Version 4.1.8/9 (16-Oct-2017)

  • CHANGED: Changed https URL for online NCBI BLAST queries.
  • CHANGED: Fixed assembling/mapping recommendations for some downloaded cgMLST schemes.

Version 4.1.7 (04-Oct-2017)

  • CHANGED: Fixed issue with calculation of expected backup temporary size.

Version 4.1.6 (08-Sep-2017)

  • CHANGED: Fixed issue with initial setting of memory usage in client.

Version 4.1.5 (04-Sep-2017)

  • CHANGED: Fixed SPAdes problem whith blanks in FASTQ filenames (e.g., when downloaded from SRA).
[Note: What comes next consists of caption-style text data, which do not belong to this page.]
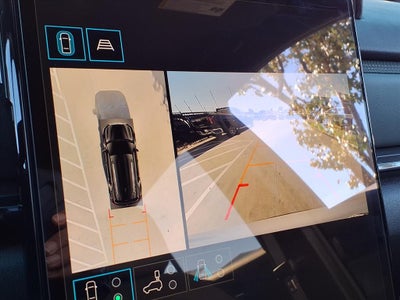 2026 GMC Terrain AT4 SUV AWD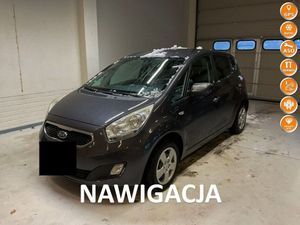 Kia Venga 2013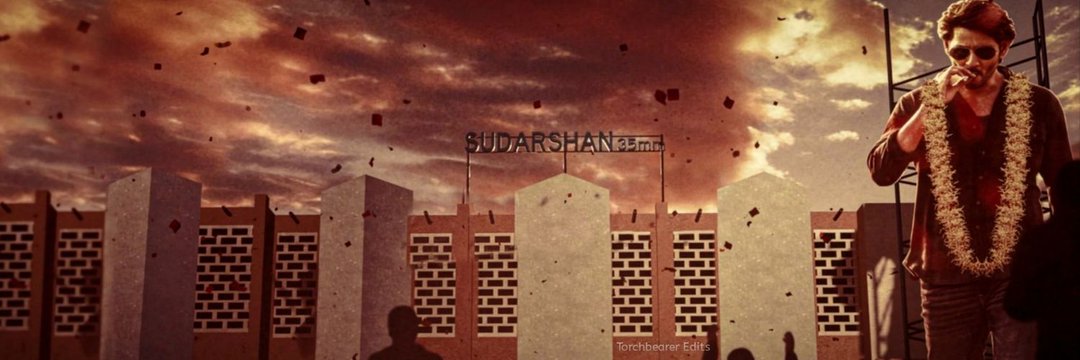 VARIKUPPALA MAHESH's banner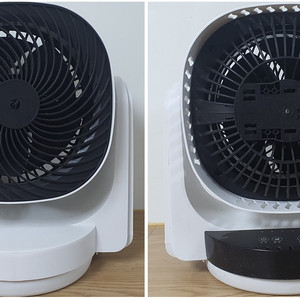 라헨느 쿨에어 써큘레이터(LCLR-9000W) - 내용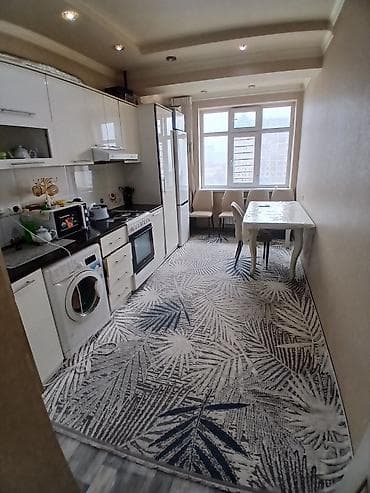 2 комнаты, Собственник, С мебелью полностью at lalafo.kg 2 комнаты, Собственник, С мебелью полностью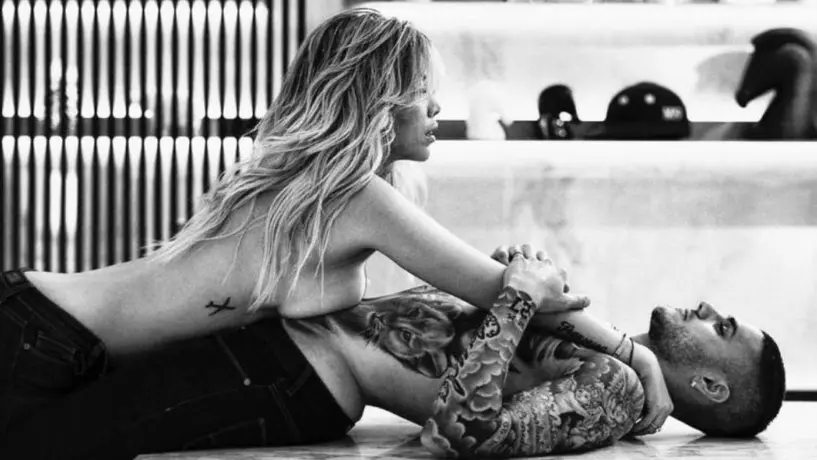 Wanda Nara y Mauro Icardi vuelven a separarse tras otra supuesta infidelidad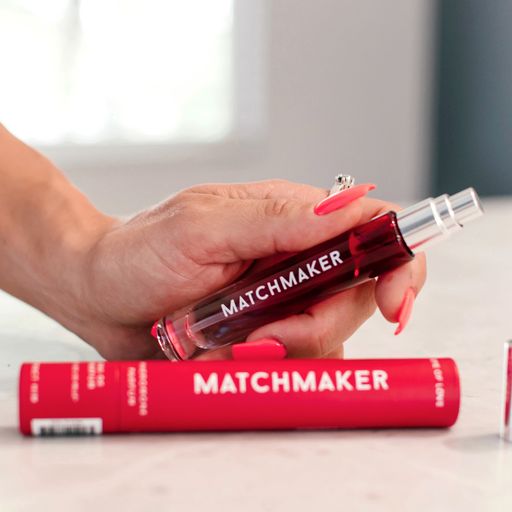 Parfum phéromonal Matchmaker Red Diamond - L’attirer - 10 ml / 0.33 fl oz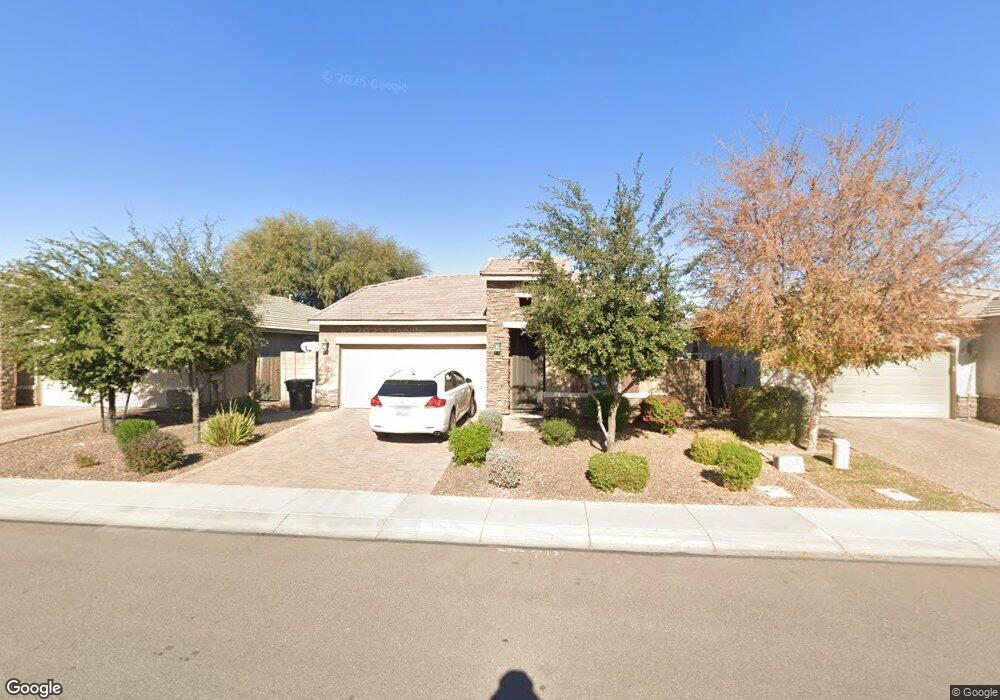 1120 E Detroit St, Chandler, AZ 85225 - photo 1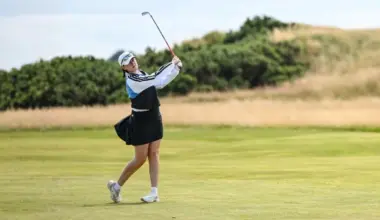 Double shot at more Open glory: Aussies and Kiwis eye Scottish success – Australian Golf Digest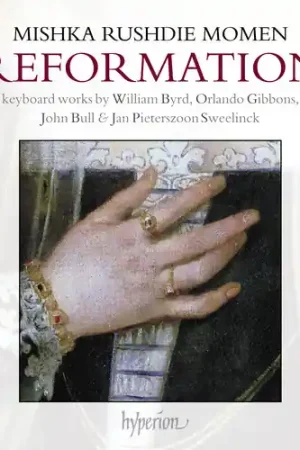 Reformation Fan Favorite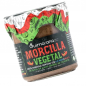 MORCILLA VEGETAL PICANTE TARRO 130GR GUIMARANA MORCILLA VEGETAL PICANTE TARRO 130GR GUIMARANA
Version 4.1.3/4 (30-Aug-2017)

  • CHANGED: Fixed problem when opening samples to workspace.
  • CHANGED: Sample QC Statistics: Analysis per target is disabled by default (time consuming).

Version 4.1.2 (25-Aug-2017)

  • CHANGED: Fixed check for backup warning if last backup is too old.
  • CHANGED: Handle reads without sequence data in FASTQ files.
  • CHANGED: Added additional size checks (e.g., workspace, comparison table and xls export).

Version 4.1.1 (17-Aug-2017)

  • CHANGED: Fixed allele submission issue for some local allele task templates.

Version 4.1.0 (10-Aug-2017)

  • CHANGED: Make backups only if a sample was saved to database since last backup.
  • CHANGED: Keep backup files increased to 2 if enough disk space is available.
  • CHANGED: Default for the option 'show warning if oldest sample save without backup is older than' was increased from 3 to 7 days.
  • CHANGED: Show warning after login if only 1 backup file is kept and automatic backups are configured.
  • NEW: Enhanced (filtering for duplicates) and improved SRA download function.
  • NEW: Download function for NCBI Genomes to files in Tools menu (e.g., for processing with pipeline).
  • NEW: Option to exclude targets manually from cgMLST target definer.
  • NEW: Support export of concatenated SNVs from result table of 'Find SNVs in Distance Columns' table. Requires that the SNVs columns are shown in the table.
  • NEW: Improved support for two MLST schemes in a project (e.g., for A. baumanii).
  • NEW: Option to hide last used login name in login form. See menu Options | Preferences.
  • CHANGED: Cluster alerts in pipelines are now disabled by default. Can be enabled in the advanced general settings of the script.
  • CHANGED: Renamed field 'Ridom ID' into 'cgMLST.org ID'.
  • CHANGED: Comparison table snapshots limited to 1,000 samples (counting also excluded samples).
  • CHANGED: Fixed parsing issue with incomplete replicons in current NCBI genomes index file.
  • CHANGED: Export Assembly Contigs function now uses newest contigs if multiple procedures exist.
  • CHANGED: File export (e.g., FASTA contigs) no preserves '.' and blank characters in file names.
  • CHANGED: Fixed JVM crashes on Linux that appear after installation of kernel patch for CVE-2017 1000364.
  • CHANGED: Fixed a scaling problem in download progress bar.
  • Some GUI revisions, option renamings, smaller improvements and bugfixes.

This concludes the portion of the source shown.